Global entropy solutions to the compressible Euler equations in the isentropic nozzle flow for large data: Application of the modified Godunov scheme and the generalized invariant regions

TL;DR

This paper proves the global existence and stability of entropy solutions for the compressible Euler equations in isentropic nozzle flow with large data, using a modified Godunov scheme and generalized invariant regions.

Contribution

It introduces a new generalized invariant region and a modified Godunov scheme to handle large data in nozzle flow problems, extending previous small data results.

Findings

Established global existence of solutions for large data

Developed a modified Godunov scheme suitable for unbounded invariant regions

Demonstrated stability of solutions in inhomogeneous conservation laws

Abstract

We study the motion of isentropic gas in nozzles. This is a major subject in fluid dynamics. In fact, the nozzle is utilized to increase the thrust of rocket engines. Moreover, the nozzle flow is closely related to astrophysics. These phenomena are governed by the compressible Euler equation, which is one of crucial equations in inhomogeneous conservation laws. In this paper, we consider its unsteady flow and devote to proving the global existence and stability of solutions to the Cauchy problem for the general nozzle. The theorem has been proved in (Tsuge in Arch. Ration. Mech. Anal. 209:365-400 (2013)). However, this result is limited to small data. Our aim in the present paper is to remove this restriction, that is, we consider large data. Although the subject is important in Mathematics, Physics and engineering, it remained open for a long time. The problem seems to lie in a bounded estimate of approximate solutions, because we have only method to investigate the behavior with respect to the time variable. To solve this, we first introduce a generalized invariant region.

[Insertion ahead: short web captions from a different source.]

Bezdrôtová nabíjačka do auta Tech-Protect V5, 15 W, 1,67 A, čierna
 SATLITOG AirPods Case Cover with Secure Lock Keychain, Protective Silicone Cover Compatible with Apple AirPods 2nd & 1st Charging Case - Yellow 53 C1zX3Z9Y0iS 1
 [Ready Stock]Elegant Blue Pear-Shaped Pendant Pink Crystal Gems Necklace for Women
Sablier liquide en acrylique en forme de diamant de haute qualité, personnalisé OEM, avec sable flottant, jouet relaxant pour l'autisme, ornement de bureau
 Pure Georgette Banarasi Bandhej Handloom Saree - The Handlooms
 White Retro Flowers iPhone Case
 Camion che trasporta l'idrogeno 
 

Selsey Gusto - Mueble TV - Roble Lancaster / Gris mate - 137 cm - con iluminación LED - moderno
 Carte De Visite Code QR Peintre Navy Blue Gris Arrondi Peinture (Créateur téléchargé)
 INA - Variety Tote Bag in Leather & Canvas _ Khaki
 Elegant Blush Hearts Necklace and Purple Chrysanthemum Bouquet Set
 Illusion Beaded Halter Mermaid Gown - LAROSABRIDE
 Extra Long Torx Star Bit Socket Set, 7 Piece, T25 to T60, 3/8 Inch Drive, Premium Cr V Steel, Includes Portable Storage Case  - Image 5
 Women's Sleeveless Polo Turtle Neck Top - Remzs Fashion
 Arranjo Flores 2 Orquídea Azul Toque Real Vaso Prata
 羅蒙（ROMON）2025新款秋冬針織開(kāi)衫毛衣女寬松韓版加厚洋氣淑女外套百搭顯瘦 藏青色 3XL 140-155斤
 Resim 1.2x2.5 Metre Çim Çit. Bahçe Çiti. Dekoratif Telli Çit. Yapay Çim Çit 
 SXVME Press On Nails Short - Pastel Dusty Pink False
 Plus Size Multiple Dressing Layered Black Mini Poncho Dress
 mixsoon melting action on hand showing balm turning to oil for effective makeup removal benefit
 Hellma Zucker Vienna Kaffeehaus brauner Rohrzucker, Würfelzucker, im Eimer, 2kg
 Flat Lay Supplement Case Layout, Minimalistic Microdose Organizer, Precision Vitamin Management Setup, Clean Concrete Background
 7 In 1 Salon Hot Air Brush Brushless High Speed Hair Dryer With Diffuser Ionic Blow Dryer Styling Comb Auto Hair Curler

Compared with the existing ones, its upper and lower bounds are extended constants to functions of the space variable. However, we cannot apply the new invariant region to the traditional difference method. Therefore, we invent the modified Godunov scheme. The approximate solutions consist of some functions corresponding to the upper and lower bounds of the invariant regions. These methods enable us to investigate the behavior of approximate solutions with respect to the space variable. The ideas are also applicable to other nonlinear problems involving similar difficulties.